There is no pleasing Duke University law professor Brandon L. Garrett, author of the death-penalty-abolishment screed End of Its Rope: How Killing the Death Penalty Can Revive Criminal Justice, though much about the current state of criminal justice should please him.  Nationwide, death sentences and executions are at historic lows, yet he claims that the criminal-justice system has an appetite for vengeance.  Capital-murder defendants eagerly confess under oath to horrible murders to avoid execution and take up state residence at taxpayer expense, yet he considers life without parole to be as immoral as the death penalty.  Public safety has increased along with incarcerations, yet he believes that all nonviolent crimes should be decriminalized and rehabilitation for all should be the only just response to lawlessness.  Erroneous convictions are rare, challenged, and corrected (and sometimes overcorrected), yet he claims that they are a significant problem that junk science and lying jailhouse snitches perpetuate.  More whites than blacks are on death row even though blacks commit more murders than whites, yet the author complains that the death penalty discriminates against blacks.  He alleges that the system criminalizes mental illness, yet drug and mental-health courts offer treatment in lieu of incarceration for those who are motivated.  He claims that innocent people have been executed, but regarding the only two examples he offers, Texans Cameron Todd Willingham and Carlos DeLuna, evidence of guilt was overwhelming, and the defendants declined to testify to their innocence.  Alas, the author’s assessment of the criminal-justice system does not withstand scrutiny.
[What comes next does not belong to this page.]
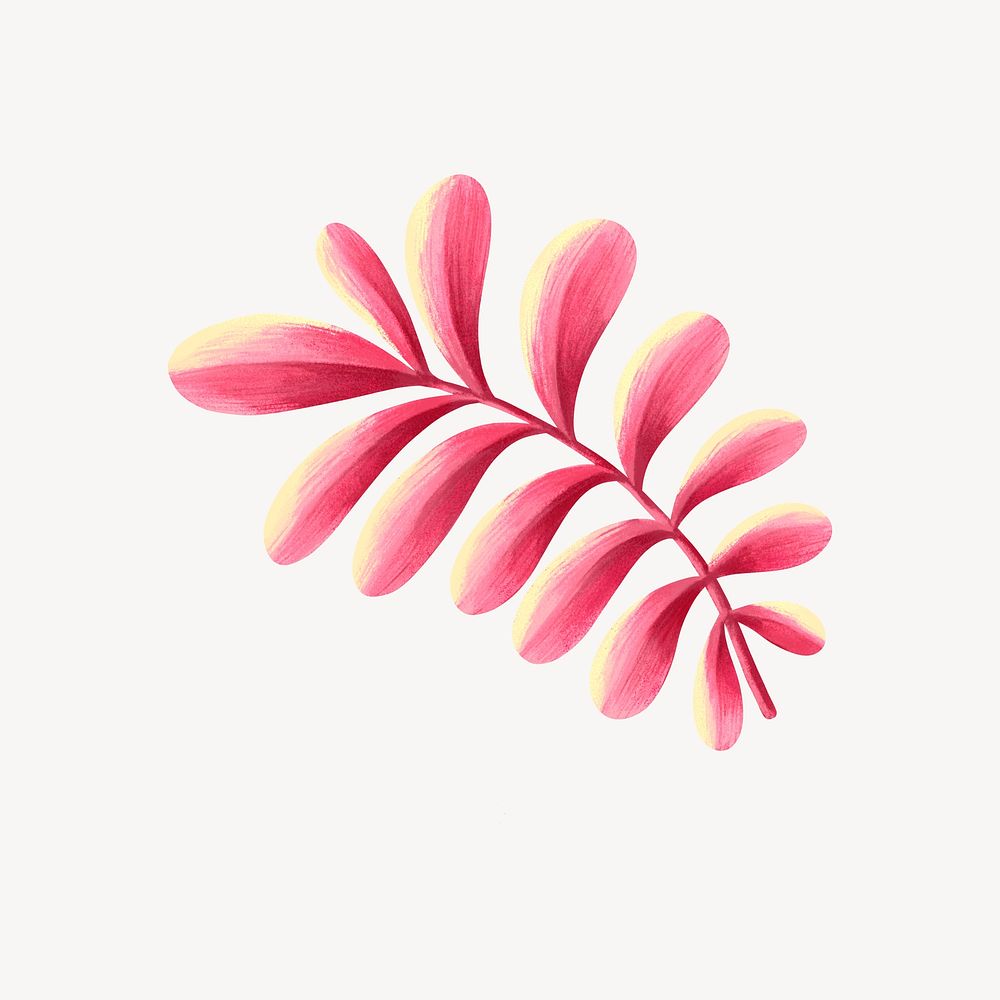 Gradient pink leaf collage element, botanical illustration psd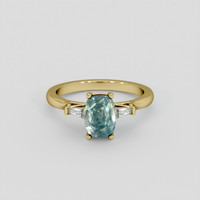 2.29 Ct. Bluish Green Sapphire Ring, 14K Yellow Gold 1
So what is the state of the criminal-justice system?  We must first dispense with the assertion that the system is convicting the innocent in substantial numbers.  The author alleges that “we have no idea how many . . . people have been wrongfully convicted.”  Actually, we do, and it is not very many.  A 2018 article by University of Utah law professor Paul Cassell published in the University of Arizona Law Review puts the conviction-error rate for violent crimes at 0.016 percent to 0.062 percent.  Coupling this statistic with the fact that not a single innocent person has ever been executed in the United States, we must conclude that the criminal justice system is healthy in important ways.

Second, we must happily acknowledge that violent crime is down from highs of 25 years ago, almost certainly because of, not in spite of, high incarceration rates.  The author rejects causation here, asking, “Why are life and life-without-parole sentences growing during a time when crime is declining?”  (To which we can only answer, “Fox Butterfield, is that you?”)  But crime rates are still too high.  Today, a main failure of the criminal-justice system is the increasing inability of our largest police forces to solve murders.  Indeed, until the crime rate drops to zero, we must conclude that the incarceration rate is not as high as it needs to be.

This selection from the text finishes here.